Em 2010, Costa foi isentado de participação no esquema por decisão unânime do Tribunal Regional Federal da 5ª Região, em Pernambuco.
Para Rocha, o PT é alvo de “perseguição”. "Enquanto dirigente partidário, minha avaliação é a seguinte. Primeiro, o PT não se reúne para mandar ninguém fazer coisa errada. As pessoas fazem. E se você for pegar a proporção de pessoas que por ventura fazem coisa errada, em relação aos demais partidos, na verdade é uma coisa extremamente insignificante”, afirma.
“Então, eu tenho muito cuidado nas ações do que acontece aqui dentro, exatamente para não entrar na lógica da atração da mídia ou dos opositores e começar a punir pessoas e fazer juízos de valor quando sabemos muitas vezes que acima de tudo tem muito mais perseguição que realidade”, diz Rocha.
O que dizem os partidos
O DEM classificou como “infundadas” as acusações contra o senador e presidente do partido, Agripino Maia (RN), em nota enviada pela assessoria de imprensa do partido. A legenda informou que o senador convocou por iniciativa própria reunião para prestar esclarecimentos, o que fez também publicamente, da tribuna do Senado.
Agripino é alvo de um inquérito no STF (Supremo Tribunal Federal) que investiga se o senador negociou o pagamento de propina da empreiteira OAS durante a construção da Arena das Dunas, estádio em Natal usado na Copa do Mundo de 2014.
Em nota, o PSDB informou que “apoia investigações que venham a ser feitas sobre quaisquer de seus filiados sem fazer pré-julgamentos e respeitando o direito de defesa de casa um deles”, diz o texto enviado pelo partido.
O PSDB informou ainda que “confia” que muitas das investigações vão inocentar seus filiados e que, por isso, apenas após a conclusão dos processos judiciais é que o Conselho de Ética do partido poderia se manifestar.
O PR informou, também em nota, que o partido respeita as regras para registro de candidaturas, mas que cabe aos órgãos judiciários realizar investigações. “A direção nacional do Partido da República esclarece que, no Brasil, é privativo do Ministério Público e das autoridades Policiais e Judiciárias o papel de investigar e julgar”, diz o texto.
O PP e o PMDB não responderam aos pedidos de entrevista ou comentários para este texto.
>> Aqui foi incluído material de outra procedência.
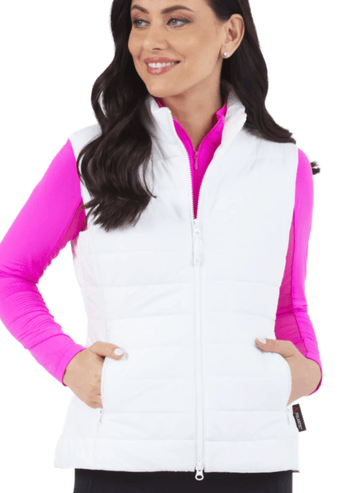 IbKul Solid Quilted lightweight Vest - Robin Boutique-Boutique 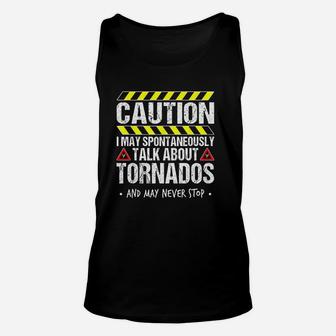 Storm Hunter Funny Storm Chaser Quote Weather Gift Unisex Tank Top | Crazezy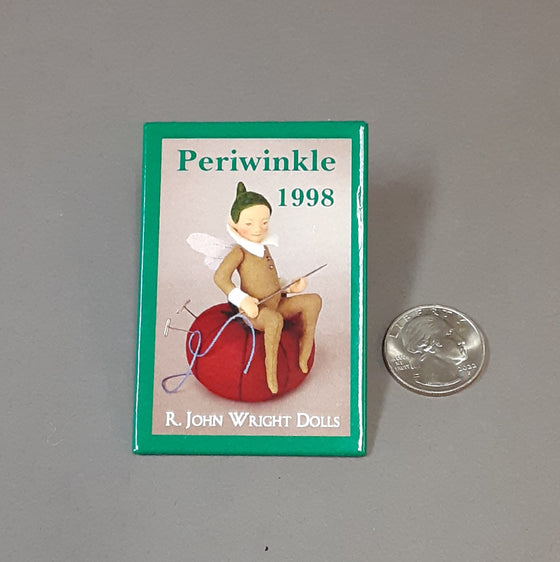 Collector Club "Periwinkle" Pin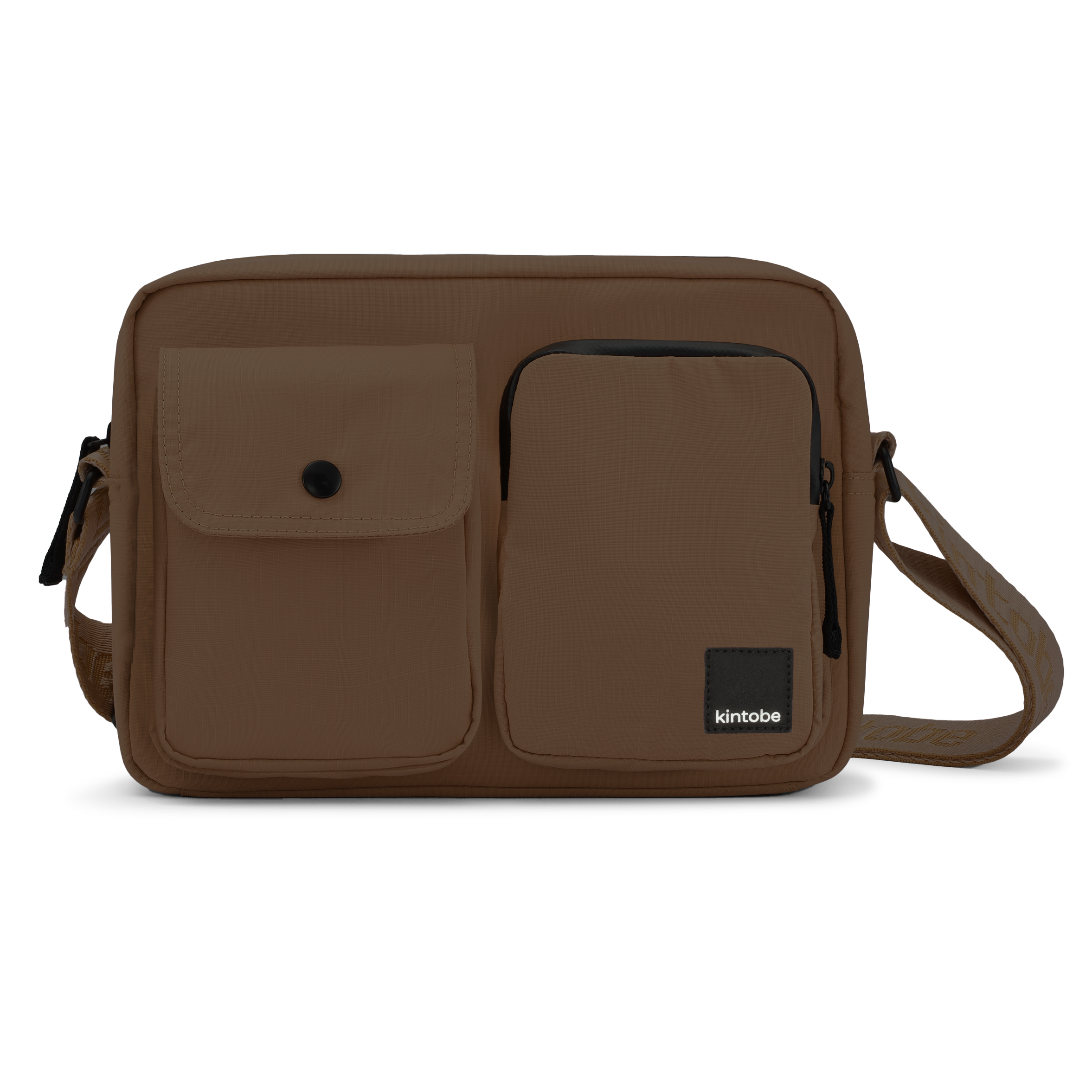 KINTOBE MILES - (4,5L, Fits iPad Mini, Compact Messenger Bag)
A reportagem do UOL procurou as assessorias de imprensa dos partidos por duas semanas no mês de junho, em diferentes contatos por telefone e e-mail.
A direção nacional do PP informou que não há processos abertos contra citados em investigações de corrupção, mas disse que não poderia confirmar se há ou não processos nos diretórios estaduais.
O PTB informou que não abriu procedimentos disciplinares internos contra os filiados condenados no mensalão.